**TASK DETAILS:** Set down all of the data that follows word for word, without the images.

**GIVEN ENTRIES:**
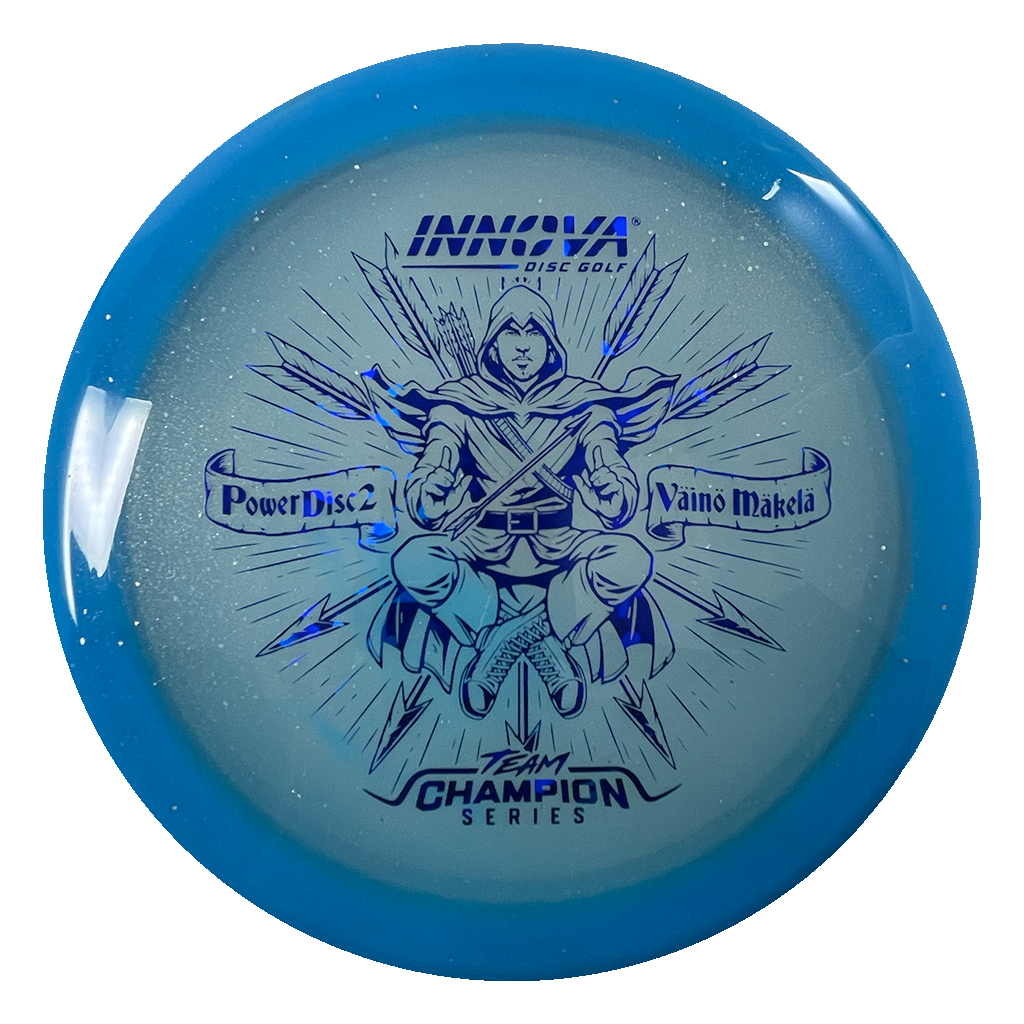 Innova Power Disc2 PD2 Disc Golf Driver – The Disc Shop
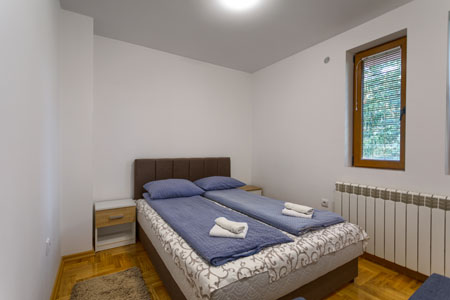 Vila Meridijan, izdavanje apartmana Zlatibor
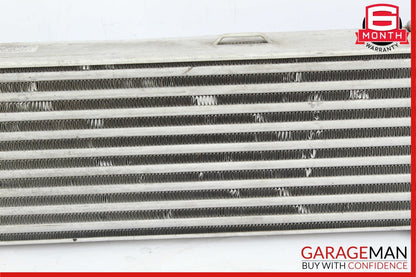 12-15 Mercedes W204 C250 SLK250 M271 Intercooler Charge Air Cooler Radiator OEM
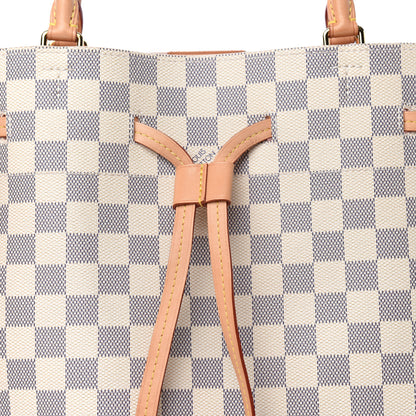 Louis Vuitton Damier Azur Girolata 8 of 12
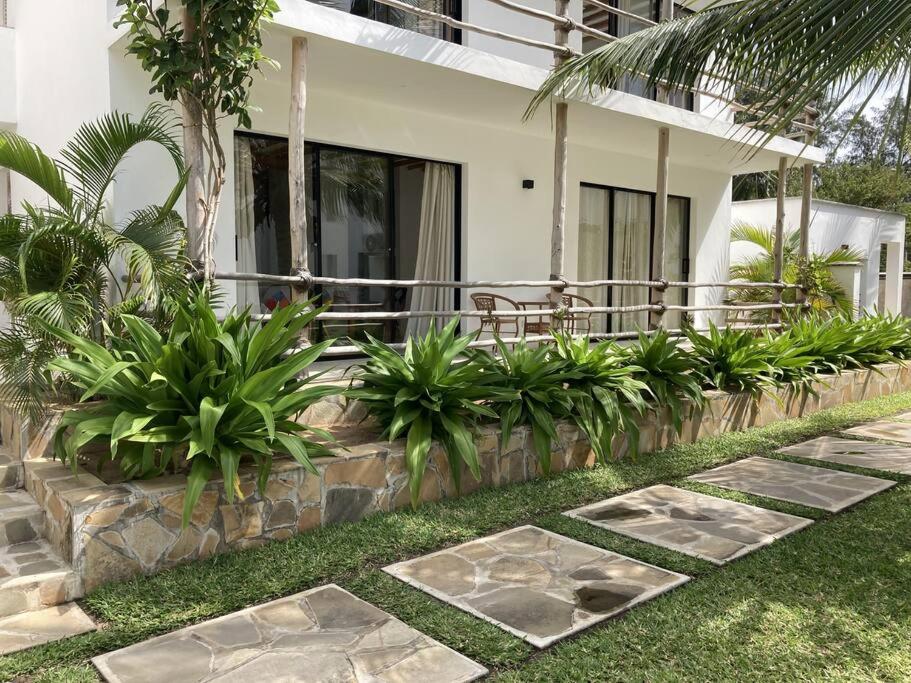 Ahadi beach villas and apartments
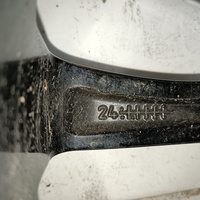 Диск колесный легкосплавный на Haval Jolion 2021>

**EXERCISE ANSWER:**
 Innova Power Disc2 PD2 Disc Golf Driver – The Disc Shop
 Vila Meridijan, izdavanje apartmana Zlatibor
 12-15 Mercedes W204 C250 SLK250 M271 Intercooler Charge Air Cooler Radiator OEM
 Louis Vuitton Damier Azur Girolata 8 of 12
 Ahadi beach villas and apartments
 Диск колесный легкосплавный на Haval Jolion 2021>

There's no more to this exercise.